What is a Pneumatic Cylinder?
The basic structure of a pneumatic cylinder is made up of a hollow shaft or tube which contains a plate of the same diameter that usually comes equipped with a long rod or piston. Motion is generated by use of pressurized gas which pushes on the plate to drive the rod to its function.
A pneumatic cylinder is used to generate mechanical motion that starts, continues, or ends a cycle. Depending on the mechanisms involved, there are numerous types of pneumatic cylinders available that suit different functions for a variety of machines.
Types of Pneumatic Cylinders
1. Compact Cylinders – For machines and equipment that are smaller in size, the compact cylinder is the ideal addition. This particular type of pneumatic cylinder is the smallest of all versions and is ideally used for mechanisms that require just a short stroke. Traditionally, the compact cylinder is a style reserved solely for single-acting styles which feature just one rod, but double-acting variants are also available.

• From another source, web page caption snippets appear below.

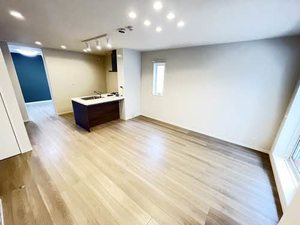 Ａｍｂｉｃｉａ東草深 0202号-14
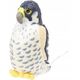 Fremeaux Wild Republic Birds με Sound Peregrine Falcon 14038079 92389195989
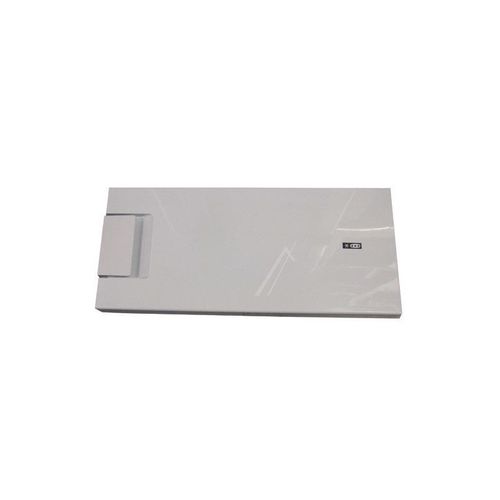 Portillon freezer complet Réfrigérateur congélateur (4147080500 BEKO)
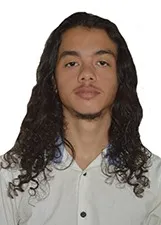 ARTHUR SOUZA SOARES PIMENTA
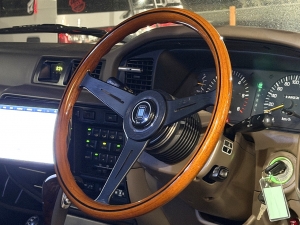 ランクル８０キャンプ　アウトドア　レジャー　４ＷＤ　ＳＵＶ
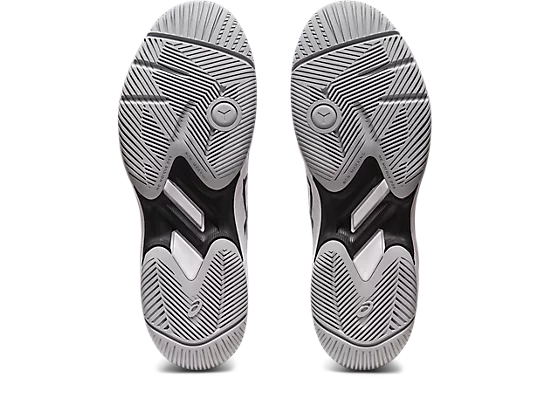 Asics Gel Game 9 Chaussures Tennis (homme)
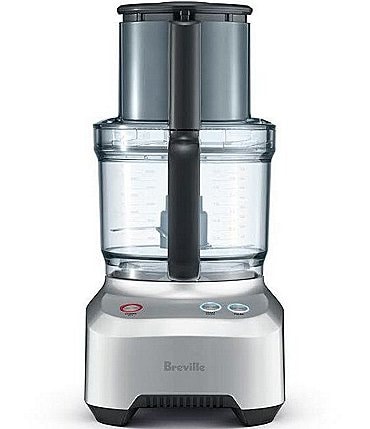 Image of Breville Sous Chef 12 Food Processor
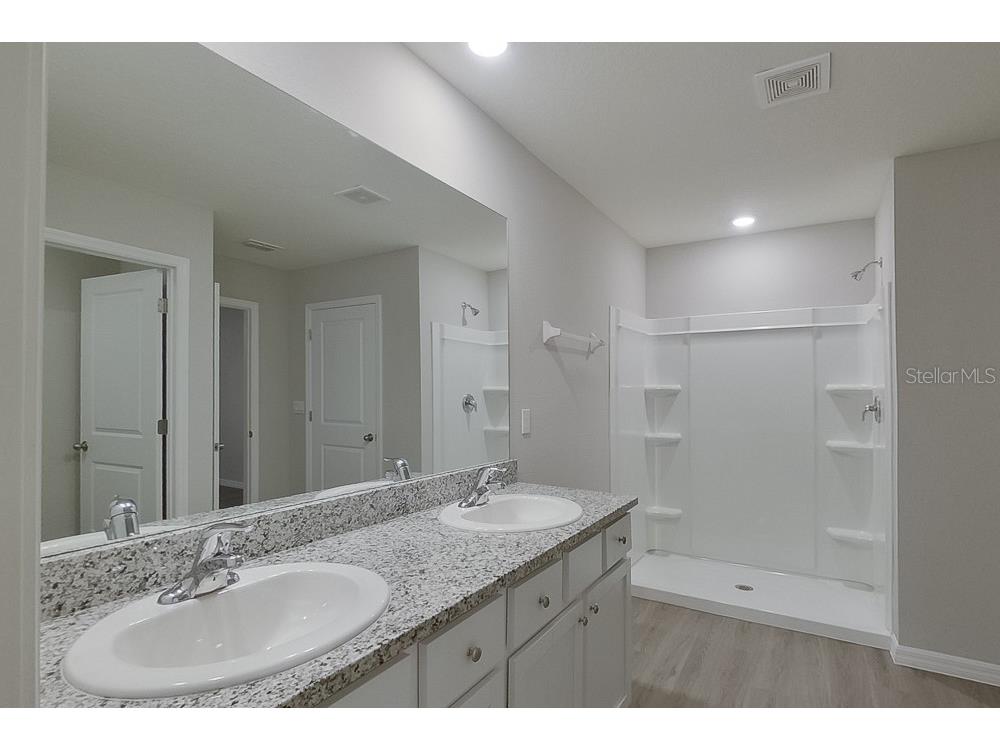4433 SW 85th Lane Ocala FL 34476 O6407374 image18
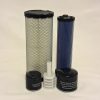 John Deere 3720 Filter Service Kit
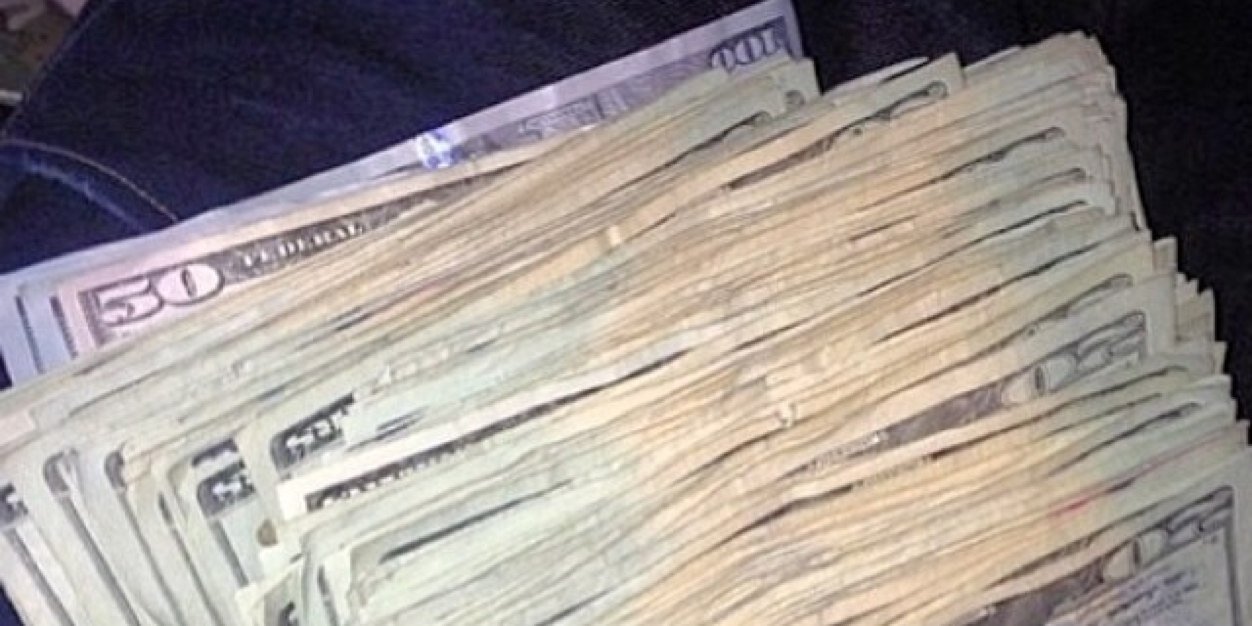 chop_SSG127's profile banner image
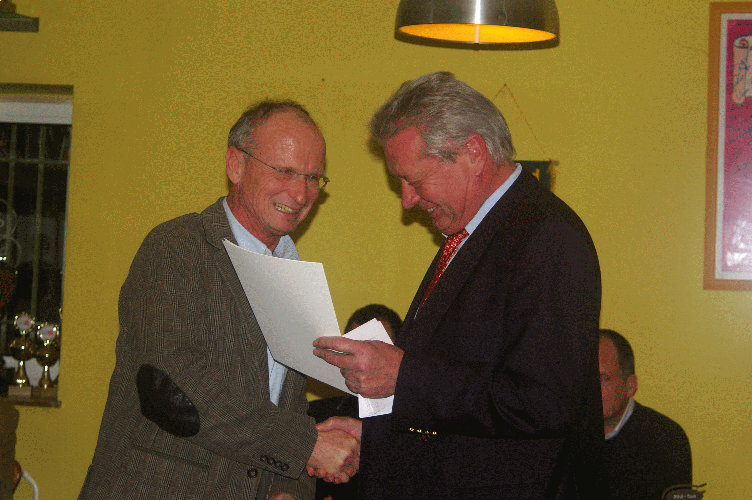 Ehrung-2008-022.gif
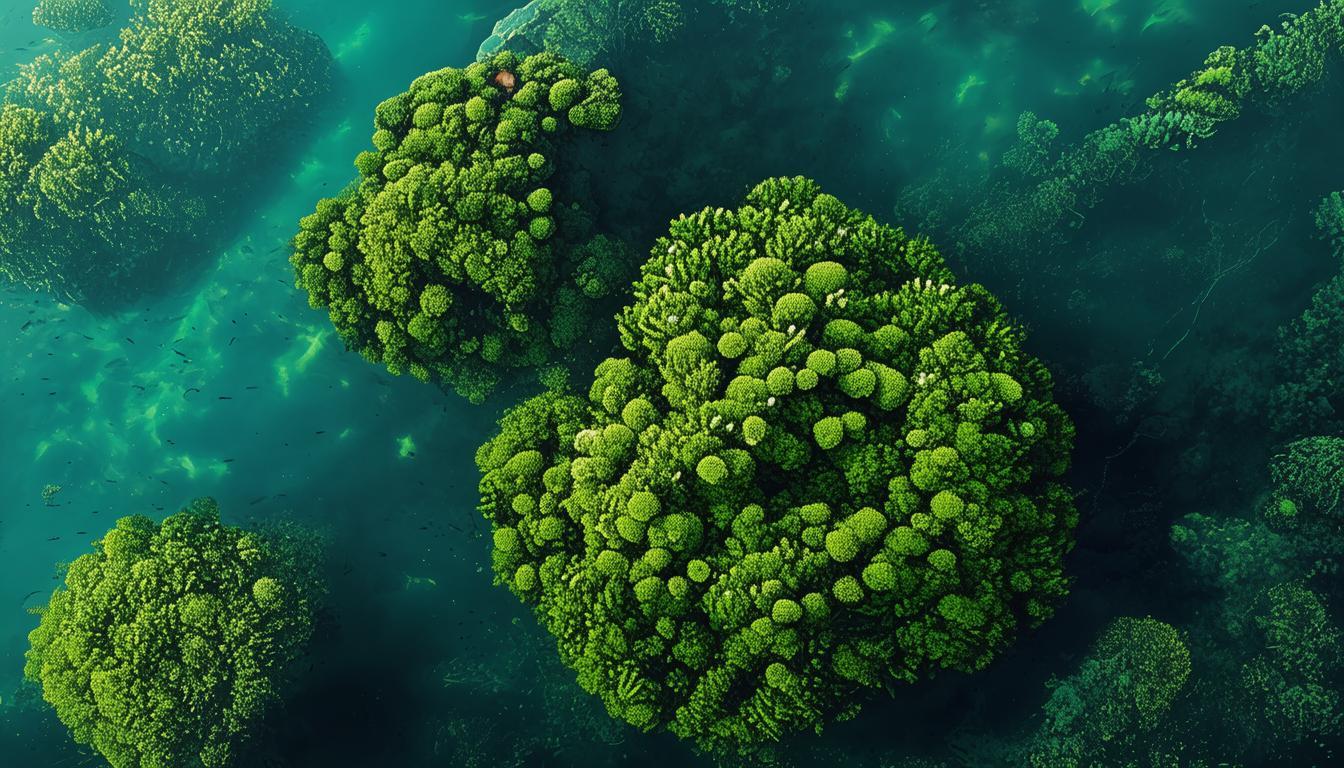 带鱼在水里游的视频__带鱼在水中怎么行走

2. Guided Cylinders – When the rod attached to a pneumatic cylinder exceeds a certain length, it becomes difficult to drive it accurately to its target. That’s why guided cylinders were developed. This type of pneumatic cylinder features a much longer rod which can reach up to double the length of the cylinder itself.
But for the purpose of accuracy, several guide rods and blocks are placed around the rod to ensure that it doesn’t steer away from its intended course for a smooth, straight, linear motion.
3. Rack and Pinion – This pneumatic cylinder type allows the production of angular motion via the same pressured gas mechanism. The addition of rotary actuators make the range of motion possible, and are often capable of creating motions that exceed 360 degrees.
4. Bellows – Featuring elastomeric walls reinforced by two metal end plates, the bellow can create much greater force thanks to its flexible structure. The cylinder can be bent to a certain degree, making it an ideal addition for structures that do not follow a single, straight path.
5. Rodless Cylinders – A space saving alternative, the rodless cylinder generates the same force as many of its piston-bearing counterparts which allows users to save space thanks to the mechanism’s intuitive design.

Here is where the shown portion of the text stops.